■ **Requirement**
I would like the line with "Piacenza : magánrepülőgép bérlés" and every line after it, down to the end of the entries below, output exactly and without pictures.

Start of Block

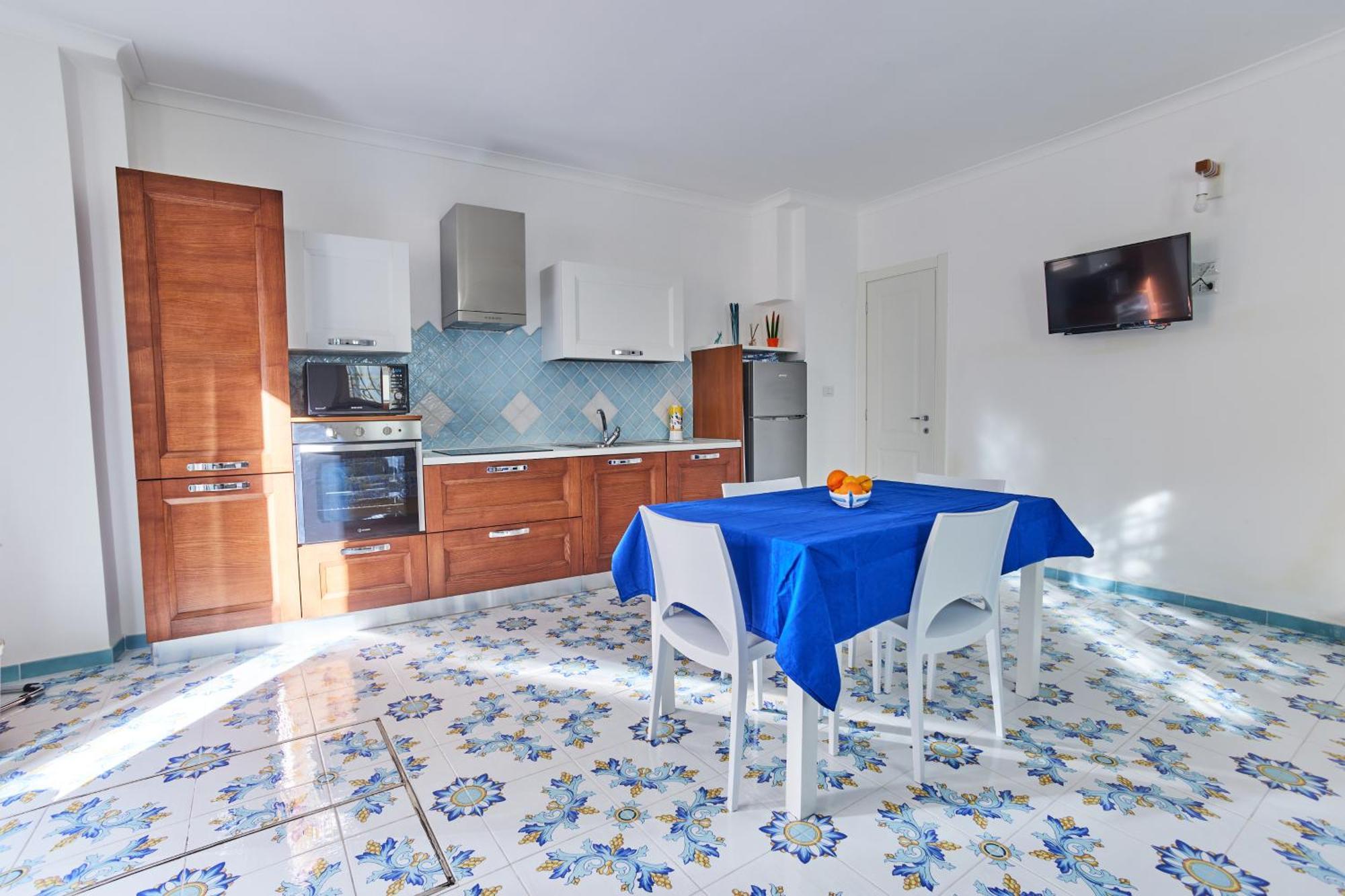 Seashell Apartment Minori Luaran gambar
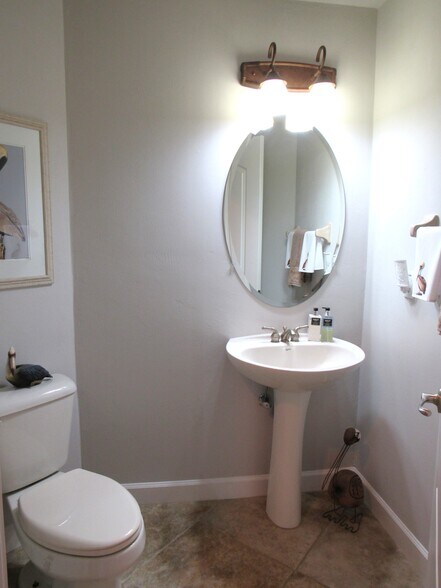 Half bath - 424 Luna Bella Ln
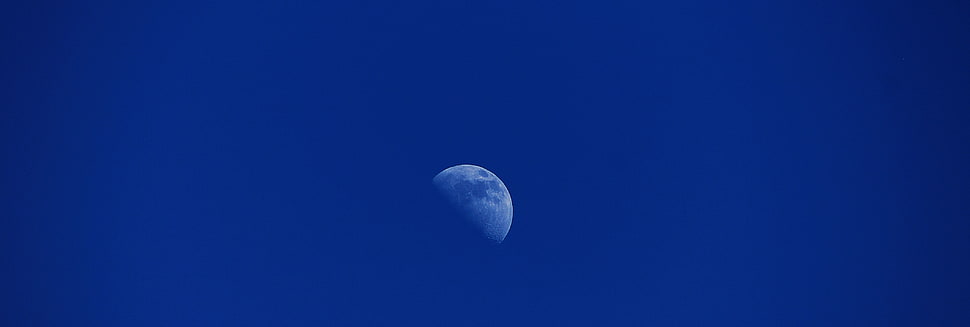 half moon during daytime HD wallpaper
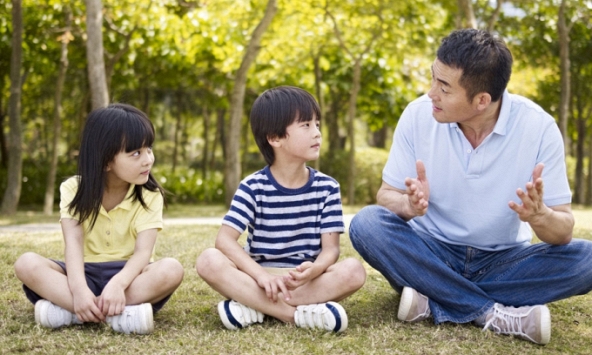 Dạy con ngoan ngoãn mà không cần dùng đến đòn roi 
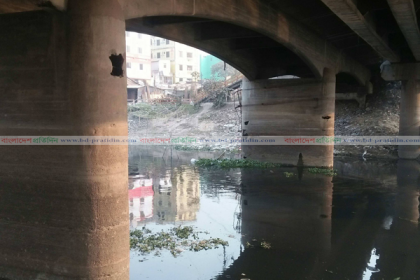 বিভিন্ন স্থানে ফাটল, ঝুঁকিতে টঙ্গী ব্রিজ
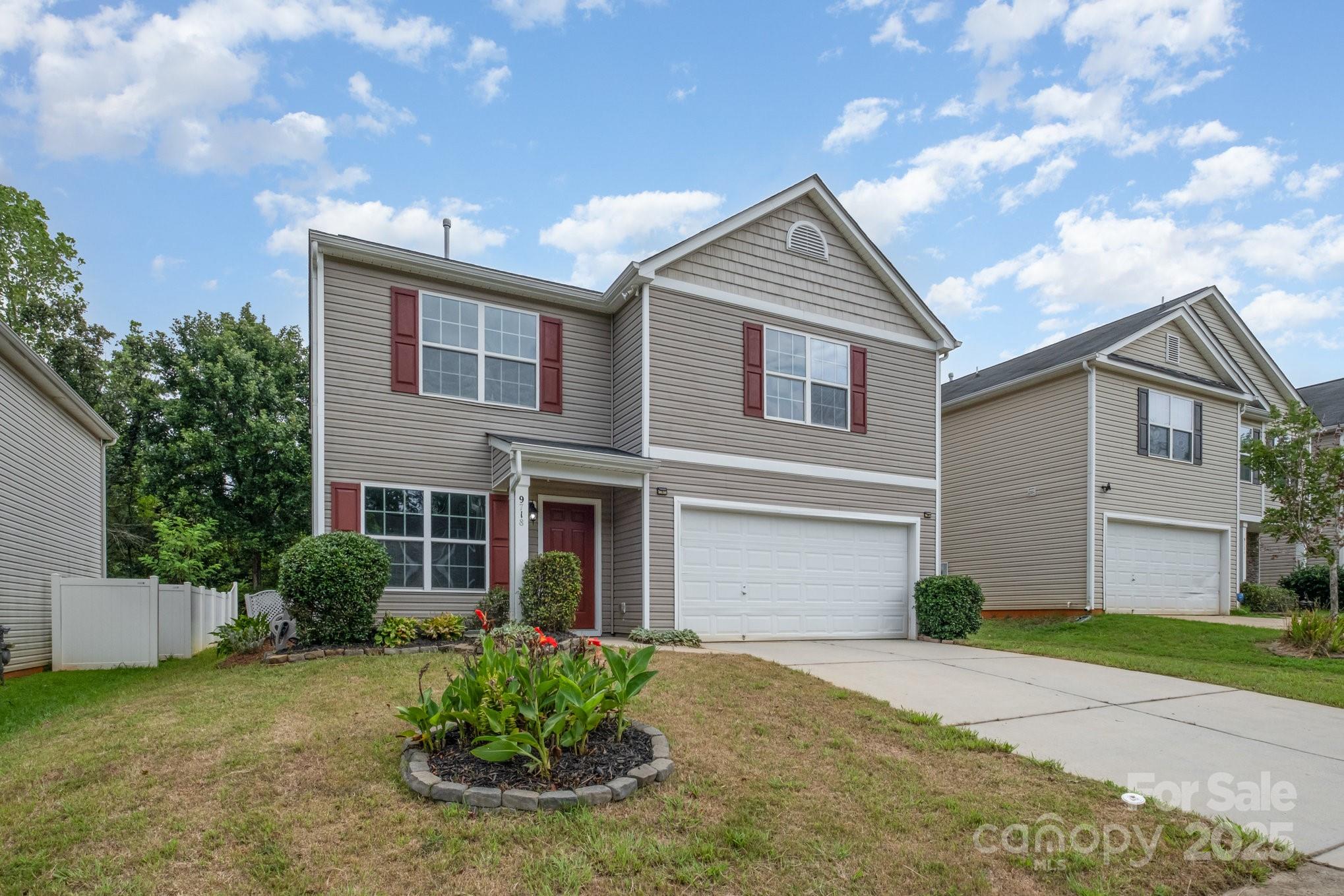 9718 Eagle Feathers Drive Property Photo 4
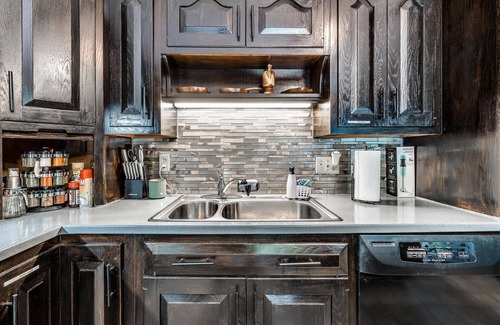 Central Oklahoma City Casa | Beautiful home with large outdoor pool and hot tub. Large beautiful backyard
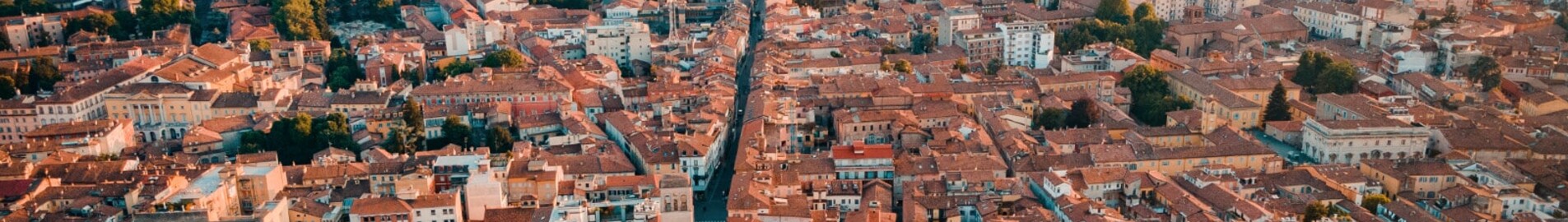 Piacenza : magánrepülőgép bérlés 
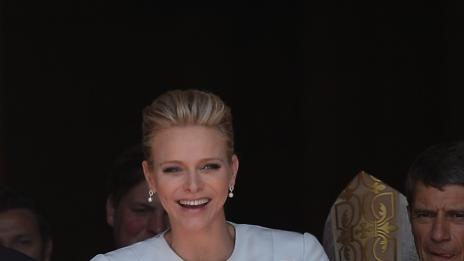 Принцеса Шарлийн най-накрая се усмихна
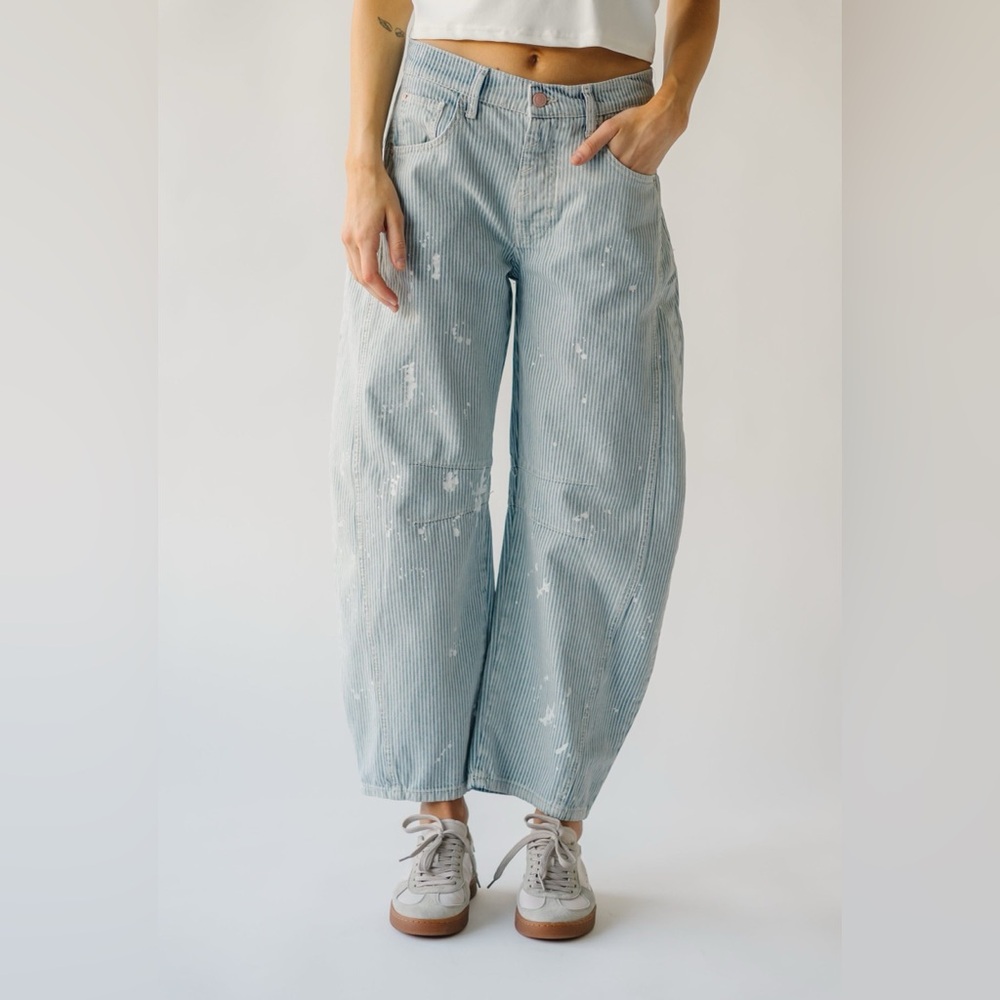 NEW Free People Mid Rise Railroad Stripe Barrel Jean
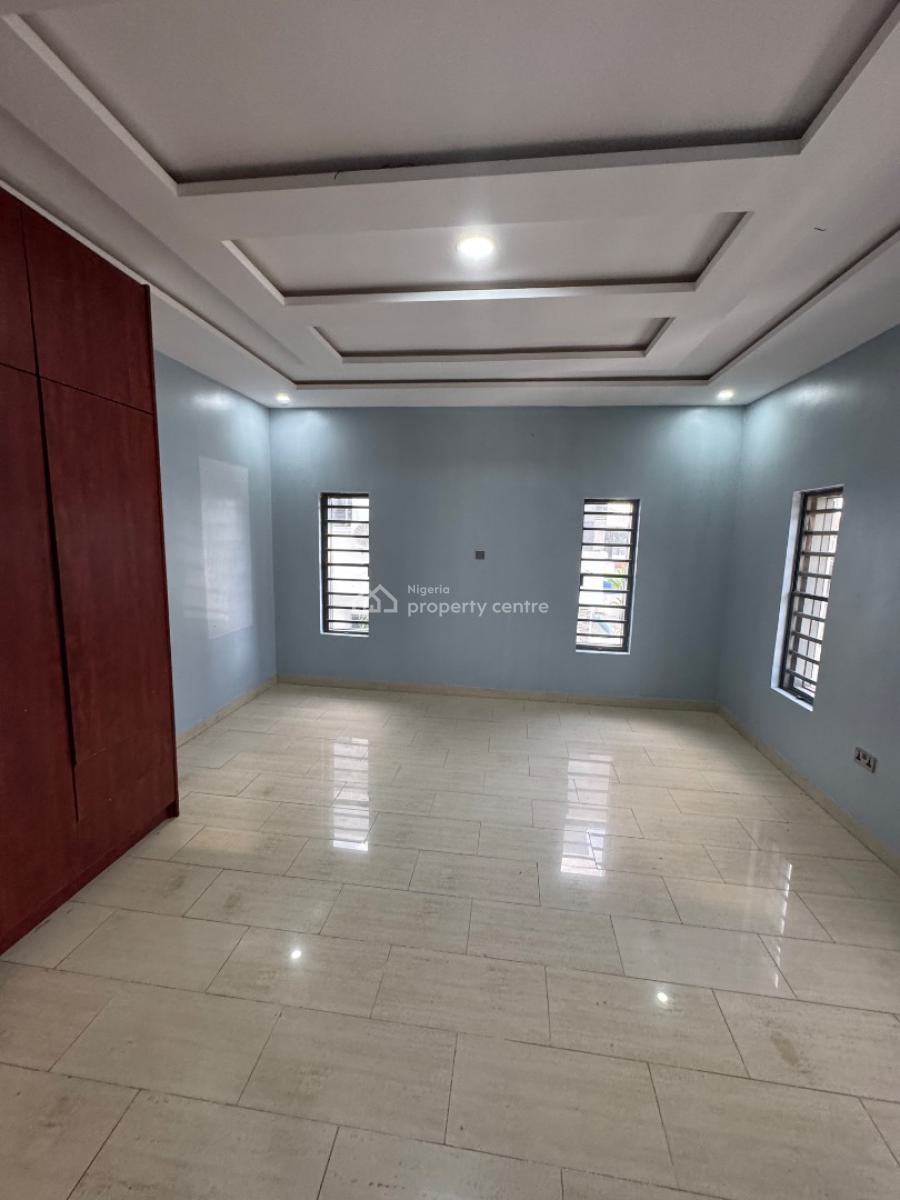 Spacious 5 Bedroom Fully Detached House with Bq, Vgc, Lekki, Lagos, Detached Duplex for Sale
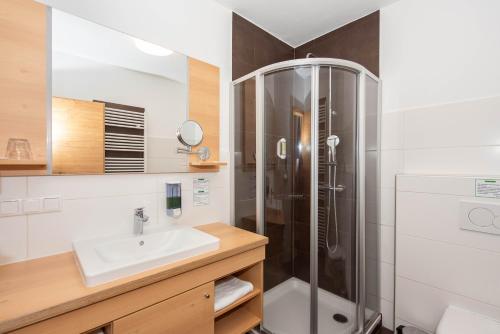 A bathroom at Der Almblick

End of Block

■ **Task result**
 Piacenza : magánrepülőgép bérlés 
 Принцеса Шарлийн най-накрая се усмихна
 NEW Free People Mid Rise Railroad Stripe Barrel Jean
 Spacious 5 Bedroom Fully Detached House with Bq, Vgc, Lekki, Lagos, Detached Duplex for Sale
 A bathroom at Der Almblick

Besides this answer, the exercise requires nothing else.